IBM PureData System for Analytics, Version 7.1

Hashing functions

You can use hashing functions to encode data, transforming the input into a “hash code” or “hash value.” The hash algorithm is designed to minimize the chance that two inputs have the same hash value, termed a collision.

You can use hashing functions to speed up the retrieval of data records (simple one-way lookups), for the validation of data (“checksums”), and for cryptography. For lookups, the hash code is used as an index into a hash table which contains a pointer to the data record. For checksums, the hash code is computed for the data before storage or transmission and then recomputed afterward to verify data integrity; if the hash codes do not match, the data is corrupted. Cryptographic hash functions are used for data security.

Some common use cases for hashing functions include:

Detect duplicated records.
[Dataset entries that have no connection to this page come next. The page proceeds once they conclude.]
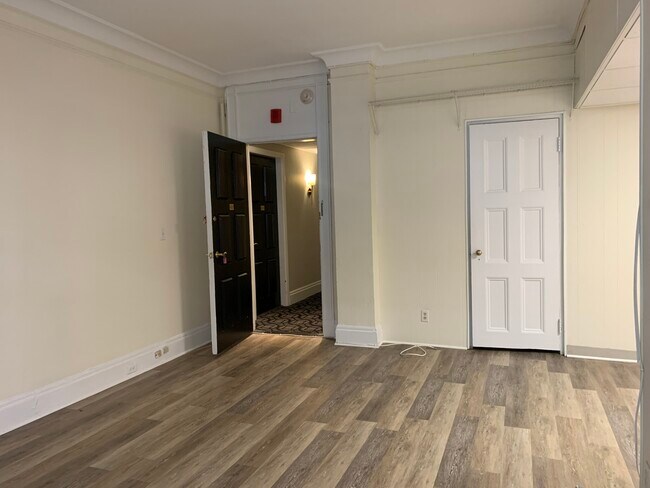 Photo - 62 Boylston St Unidad 422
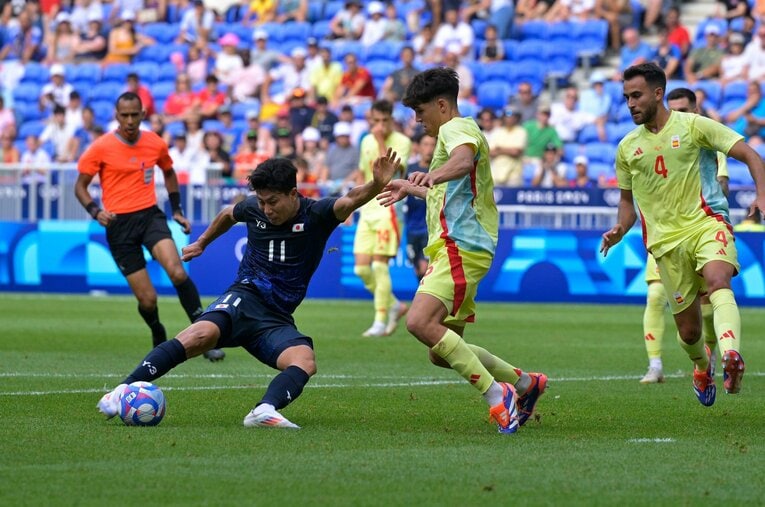 藤田からのパスを細谷が受けた「相手背負ってるのにオフサイド」の一部始終（全20枚中の5枚目）©Koki Nagahama/JMPA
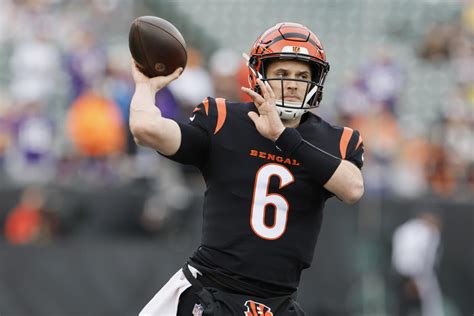 Jake Browning and the surging Bengals head to Pittsburgh to face the reeling Steelers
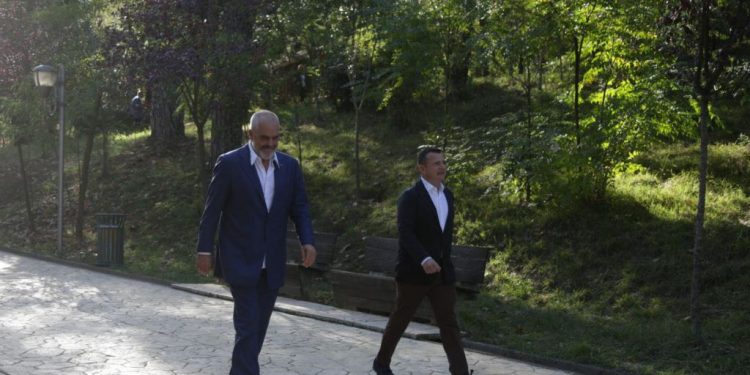 Rama kërkon mandatin e tretë: Na besoni ne, që Shqipëria të kalojë nga ecja në vrapim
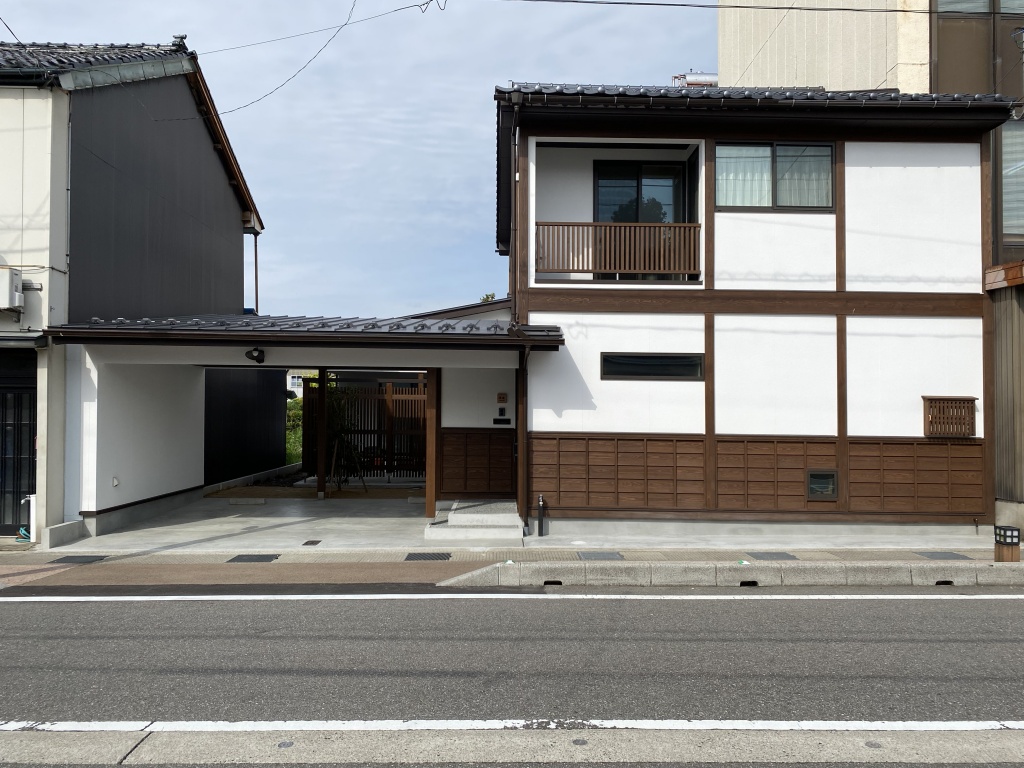 富山市八尾　Ｆ邸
Because the hash keys of duplicates hash to the same “bucket” in the hash table, the task reduces to scanning buckets that have more than two records, a much faster method than sorting and comparing each record in the file. (This same technique can be used to find similar records, because similar keys hash to buckets that are contiguous, the search for similar records can therefore be limited to those buckets.)
Locate points that are near each other. Applying a hashing function to spatial data effectively partitions the space that is being modeled into a grid, and as in the previous example, the retrieval/comparison time is greatly reduced because only contiguous cells in the grid need to be searched. This same technique works for other types of spatial data, such as shapes and images.
Verify message integrity. The hash of message digests is made both before and after transmission and the two hash values compared to determine whether the message was corrupted.
Verify passwords. During authentication, the login credentials of a user are hashed and this value is compared with the hashed password stored for that user.